Tim Herb created FactGrid Q-Numbers for all the verses of the (Protestant) Bible with the aim to connect these to all the people mentioned in the Biblical texts. Wikibase would be the ideal place to create the links between all these people – genealogically and historically. The project is interesting as the Bible was up into the 19th century the central source historians would access to get things right wherever ancient historians had fallen into the taps of Greek and Roman mythologies. Wikibase allows contradicting statements. How would a FactGrid fare with the competing chronologies of modern and early modern historians? How would the project develop with the competing information of the two testaments and the Quran? The project is hibernating – and an open challenge at this point. The Bible on FactGrid has, in the meantime the charm, of being able to connect: We might develop a new Focus on early modern networks of religious dissent and here we will be able to spot the Biblical books that drove these networks: the books of the prophets and the apocalypse. We should be able to see how the Bible was used in competing groups with diverging aims, so the potential here.
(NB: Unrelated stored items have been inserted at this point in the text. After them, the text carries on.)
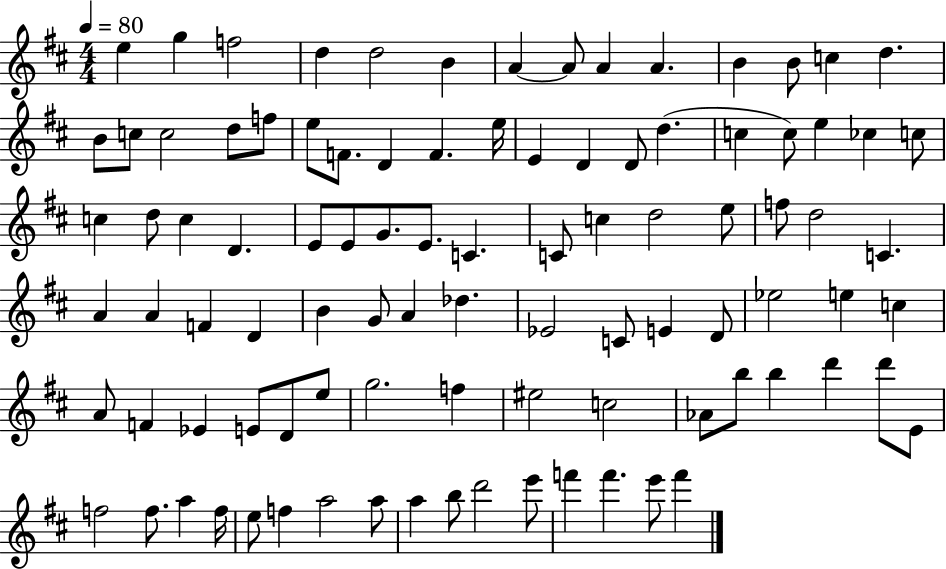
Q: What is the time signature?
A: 4/4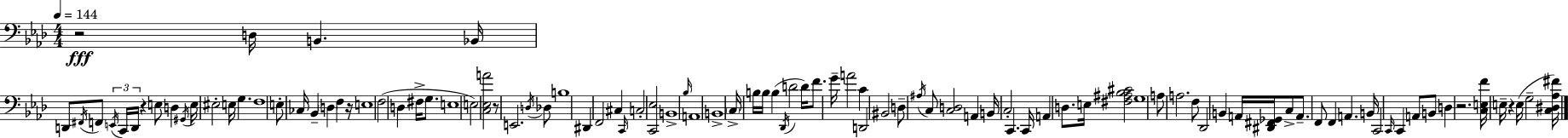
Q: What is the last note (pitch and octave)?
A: G3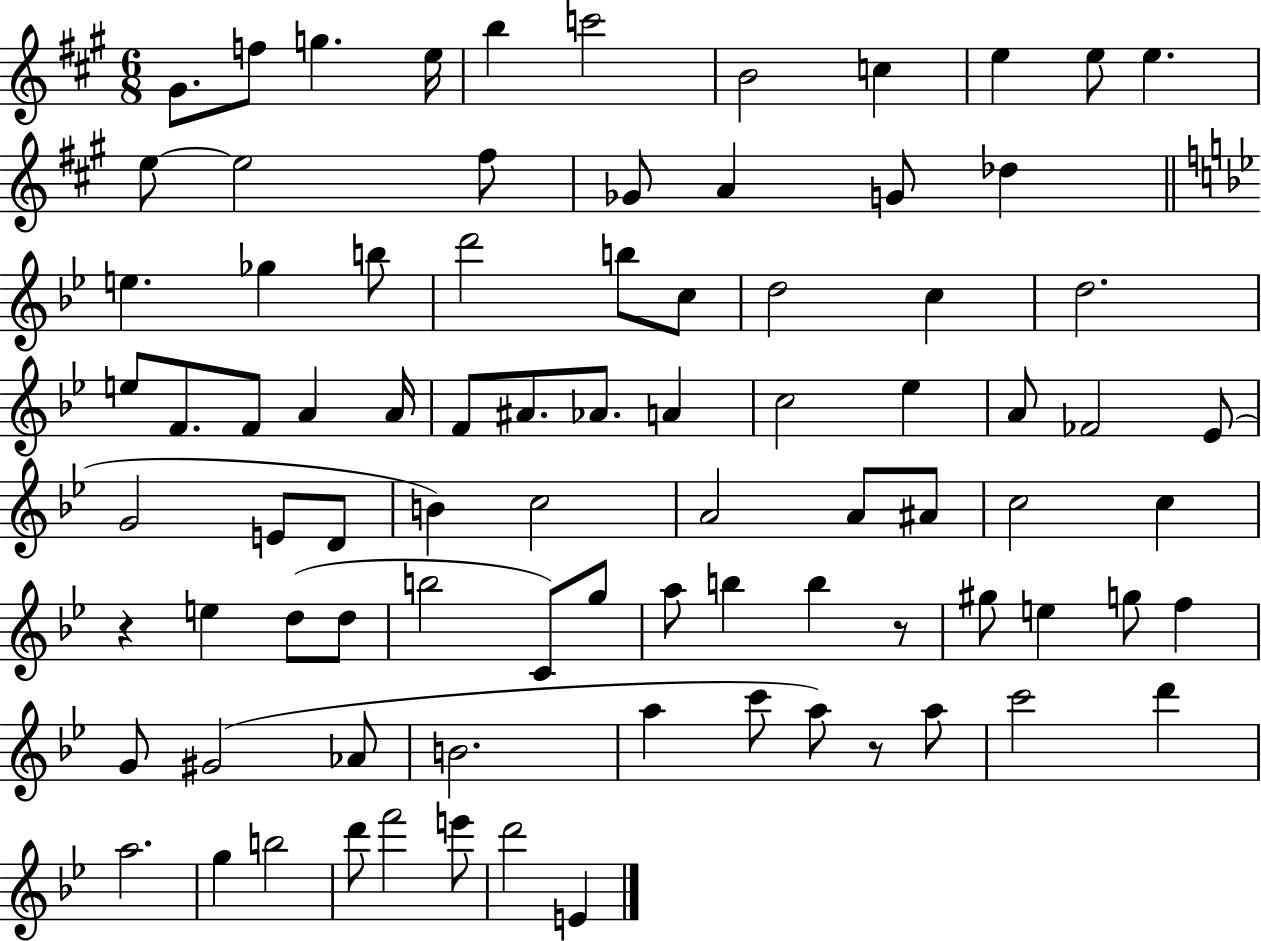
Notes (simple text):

G#4/e. F5/e G5/q. E5/s B5/q C6/h B4/h C5/q E5/q E5/e E5/q. E5/e E5/h F#5/e Gb4/e A4/q G4/e Db5/q E5/q. Gb5/q B5/e D6/h B5/e C5/e D5/h C5/q D5/h. E5/e F4/e. F4/e A4/q A4/s F4/e A#4/e. Ab4/e. A4/q C5/h Eb5/q A4/e FES4/h Eb4/e G4/h E4/e D4/e B4/q C5/h A4/h A4/e A#4/e C5/h C5/q R/q E5/q D5/e D5/e B5/h C4/e G5/e A5/e B5/q B5/q R/e G#5/e E5/q G5/e F5/q G4/e G#4/h Ab4/e B4/h. A5/q C6/e A5/e R/e A5/e C6/h D6/q A5/h. G5/q B5/h D6/e F6/h E6/e D6/h E4/q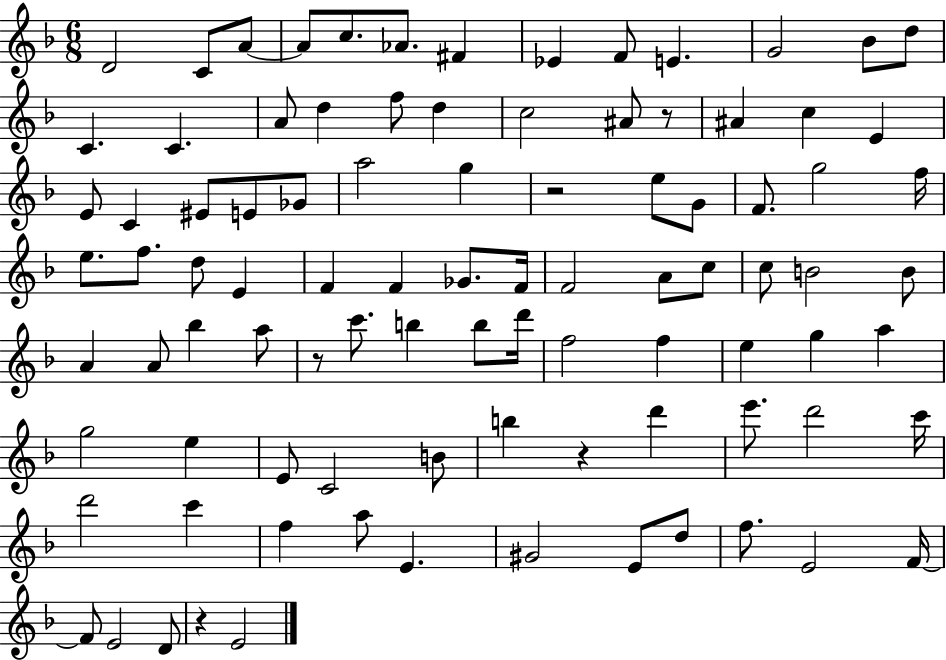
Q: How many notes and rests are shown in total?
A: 93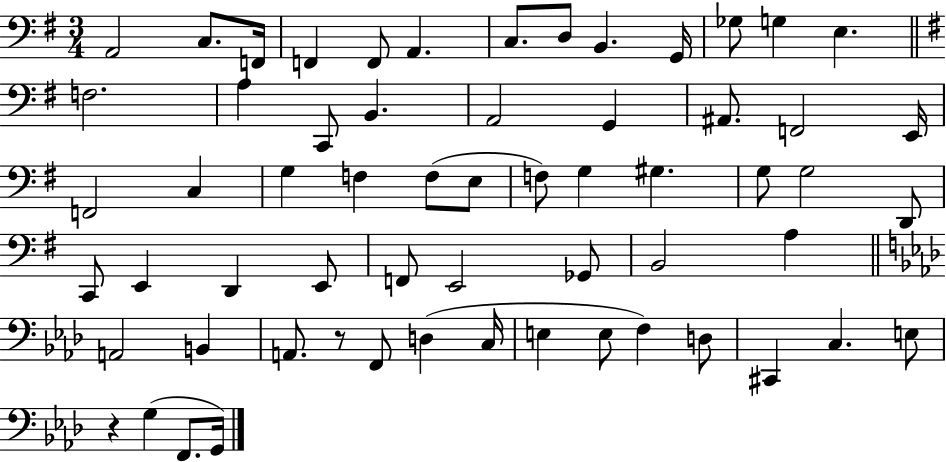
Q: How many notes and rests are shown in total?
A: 61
Still other projects are basically seeds: We would love to inspire the Lodges all around the Globe to map their loges and their affiliations back into time. Membership lists, and institutional interconnections between systems and with their developing sources of rites should be the thing FactGrid can actually visualise on timelines, tables and maps and link to historical sources that are so far dispersed without a more cohesive database mapping. So far FactGrid knows some 850 lodges mostly in the former German speaking territories thanks to a test input of GND data sets. Freemasonry should be the ideal partner to dare the global historic perspective on the complete network that became so immensely influential in the late 18th century.

...and ahead: a year of massive challenges

With all these projects one could call 2019 a year of cautious consolidation. We have grown faster than expected but we remained a platform of cooperating projects, which basically generated their data more or less from the scratch. 2020 will be different. The GND input will catapult FactGRid into the league of public sites that offer millions of data sets – on organisations and places, so the primary aim. Shall we draw a line with 1950 to avoid the present production of data? Shall we include the whole GND to operate as complete DNB-data-provider? How will we manage the input? How will we make this input available? How will we make sure that we will not become a concrete cube of data, which only few SPARQL-specialists will be able to mine?
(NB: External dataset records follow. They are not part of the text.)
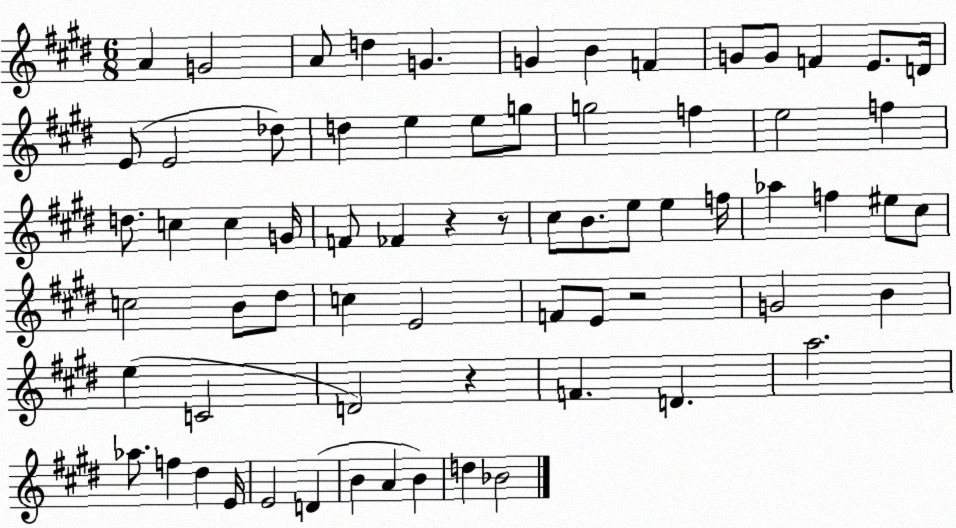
X:1
T:Untitled
M:6/8
L:1/4
K:E
A G2 A/2 d G G B F G/2 G/2 F E/2 D/4 E/2 E2 _d/2 d e e/2 g/2 g2 f e2 f d/2 c c G/4 F/2 _F z z/2 ^c/2 B/2 e/2 e f/4 _a f ^e/2 ^c/2 c2 B/2 ^d/2 c E2 F/2 E/2 z2 G2 B e C2 D2 z F D a2 _a/2 f ^d E/4 E2 D B A B d _B2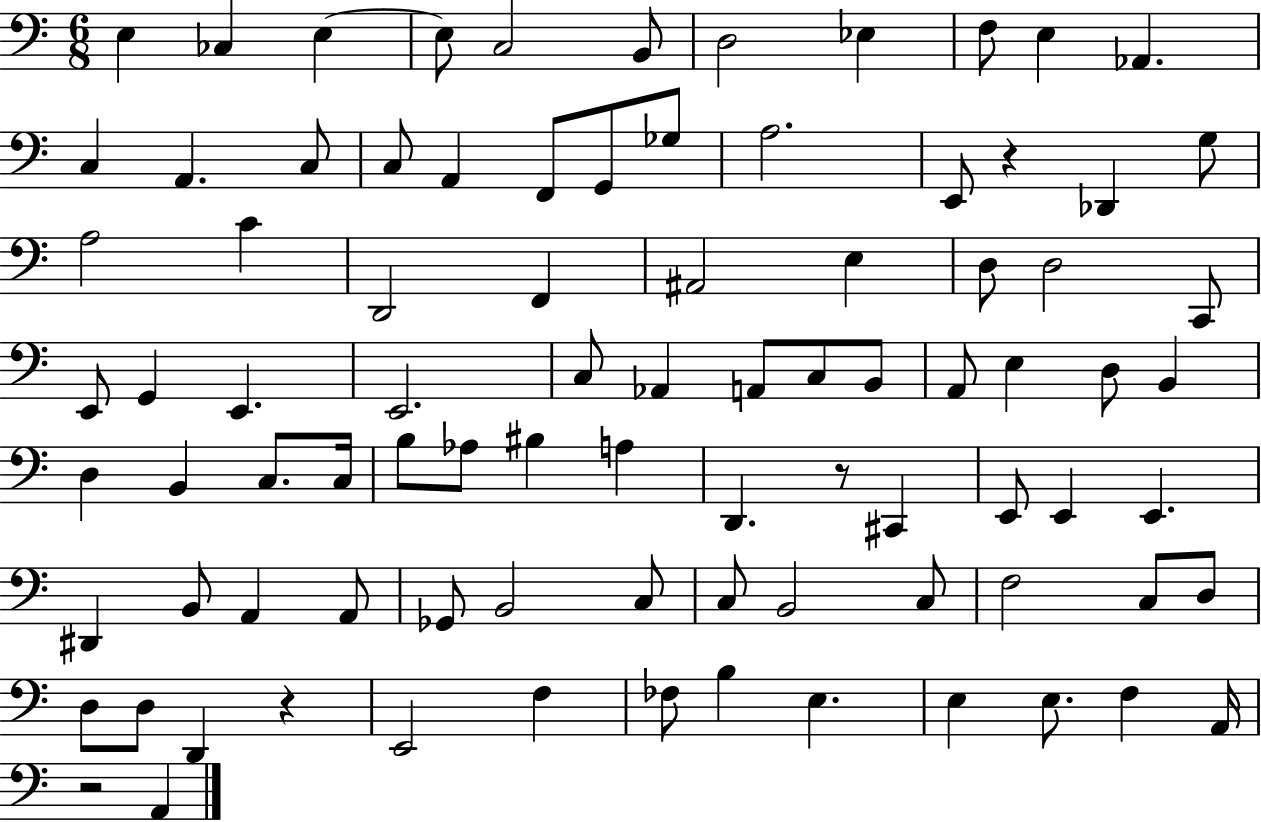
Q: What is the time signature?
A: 6/8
We will not start with the community Wikidata could generate from within the previous Wikipedia projects. We will have to address historians, libraries and archives with this asset – without the help of a coherent history that led to this compound.
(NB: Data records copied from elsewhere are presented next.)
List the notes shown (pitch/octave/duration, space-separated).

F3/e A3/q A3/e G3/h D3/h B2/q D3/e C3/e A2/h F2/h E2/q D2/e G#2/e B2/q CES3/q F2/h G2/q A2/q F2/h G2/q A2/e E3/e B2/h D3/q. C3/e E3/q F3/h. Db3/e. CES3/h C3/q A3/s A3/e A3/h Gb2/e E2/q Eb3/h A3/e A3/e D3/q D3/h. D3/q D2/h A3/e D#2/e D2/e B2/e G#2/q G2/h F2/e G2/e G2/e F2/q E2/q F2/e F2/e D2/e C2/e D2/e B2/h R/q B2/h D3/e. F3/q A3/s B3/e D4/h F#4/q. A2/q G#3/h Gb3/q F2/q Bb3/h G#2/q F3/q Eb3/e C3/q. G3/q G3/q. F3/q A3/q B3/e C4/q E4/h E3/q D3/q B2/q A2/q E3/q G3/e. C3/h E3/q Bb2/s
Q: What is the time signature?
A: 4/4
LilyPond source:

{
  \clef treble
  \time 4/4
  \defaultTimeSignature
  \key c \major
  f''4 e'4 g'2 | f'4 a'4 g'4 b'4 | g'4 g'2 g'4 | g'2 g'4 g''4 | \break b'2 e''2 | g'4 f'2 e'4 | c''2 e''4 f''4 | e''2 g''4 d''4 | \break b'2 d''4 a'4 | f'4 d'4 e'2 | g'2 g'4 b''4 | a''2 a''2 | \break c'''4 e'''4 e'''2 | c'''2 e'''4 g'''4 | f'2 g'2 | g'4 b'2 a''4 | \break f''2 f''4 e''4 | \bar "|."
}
The ideal scenario will be that Wikidata fans adopt this project as part of a wider range of Wikibase projects. So far, however, we do not have a global Wikibase-world. We only have the Wikidata world, interested so far in their child, Wikidata. And FactGrid will be different, less open when it comes to creating accounts – more open when it comes to organise experiments in the fields of academic research we are trying to address.

If you experience with Wikibase and Wikidata and love historical research or library data, you should join the team, which we will have to form in the wake of the big input. If you belong to the worlds of historians, librarians and archivists interested in big data you might be just as inclined to see this project as yours. We want to turn the GND into a treasure you can both edit and explore ad libitum.

The project will need a new technical basis. We will need an interface to meet the public – an interface that allows to handle the database without any knowledge of SPARQL. The interface should be multiligual. The output will look more like Reasonator pages than the present Wikidata-style pages, which primarily want to be edited.

So, quite some challenges ahead – but we think it will be an inspiring way to walk. The software is incredibly cool. It will continue to open doors into new projects. This is what the past year has taught us.